Accessibility links

Breaking News

Fine Particles in Polluted Air Send More Elderly to Hospital


The U.S. Environmental Protection Agency has proposed tightening the national air quality standards for microscopic particles that pollute the air and pose a serious threat to public health.

Fine particles are defined as being no larger than 2.5 micrometers in diameter or smaller -- less than 1/30th the diameter of a human hair. The tiny dust particles come from a variety of sources, including coal-burning power plants, factories and automobile exhaust.

A study in the Journal of the American Medical Association reports that even a small increase in exposure to fine particles increases the risk of developing heart and lung disease.

The study followed 11.5 million people enrolled in Medicare, a government health program for older and disabled Americans. Lead author Francesca Dominici, with Johns Hopkins University's Bloomberg School of Public Health, says the study links health records with day-to-day air pollution and weather data for 204 large urban centers across the United States.

"For [all] these counties in 2002, there were 1.4 million hospitalizations for cardiovascular and respiratory disease," she says. "So for each increase in 10 units [micrograms per cubic meter] in PM 2.5 [fine particles] we see 11,000 extra hospitalizations."
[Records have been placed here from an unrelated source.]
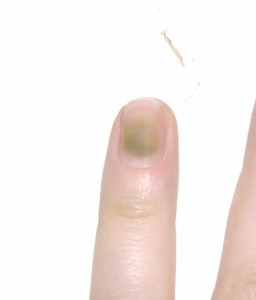  Grüner Nagel unter Kunstnägeln in Nagelkrankheiten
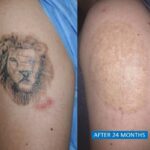 Treatment of Tattoo and Scars on arm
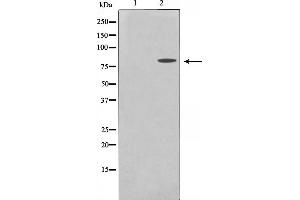 Western blot analysis on MDA-MB-435 cell lysate using MMP15 Antibody. (MMP15 Antikörper  (C-Term))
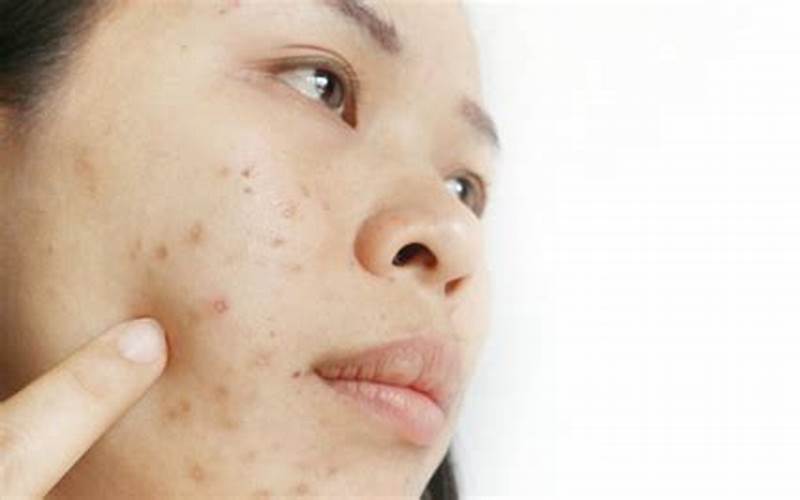 Rekomendasi Skincare Untuk Menghilangkan Bekas Jerawat Hitam
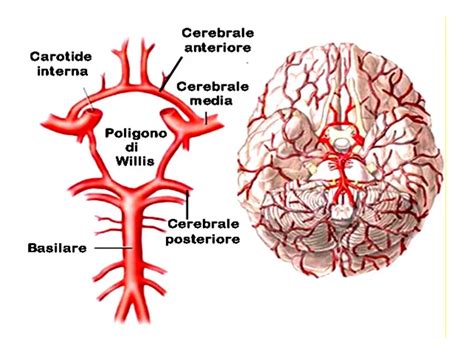 Schema che illustra la circolazione sanguigna cerebrale e le aree colpite da ictus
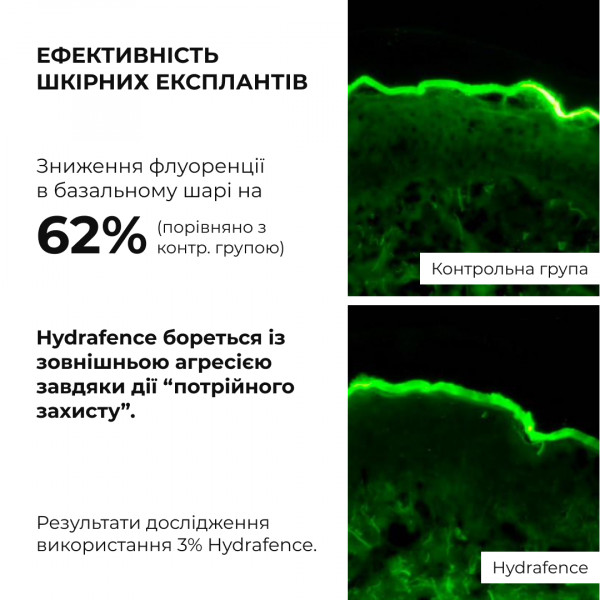 Весенний уход для нормального типа кожи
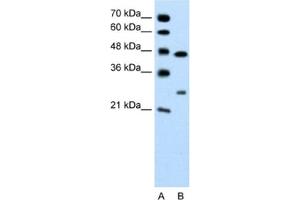 Western Blotting (WB) image for anti-Claudin 18 (CLDN18) antibody (ABIN2462406) (Claudin 18 Antikörper)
The oldest participants experienced a higher risk of heart and lung complications associated with days of high particle pollution. Dominici says the study establishes a framework to track these risks nationwide as more data become available.

"We can make our methodology available on the web," she says. "Other countries around the world that have started to monitor air pollution data can use our methodology to apply to their own data."

Dominici says researchers at the Bloomberg School of Public Health have already begun collaboration on similar projects in Europe and Canada. Health advocates in the United States are using the data to make the case for tighter air pollution standards than those recently proposed by the U.S. Environmental Protection Agency.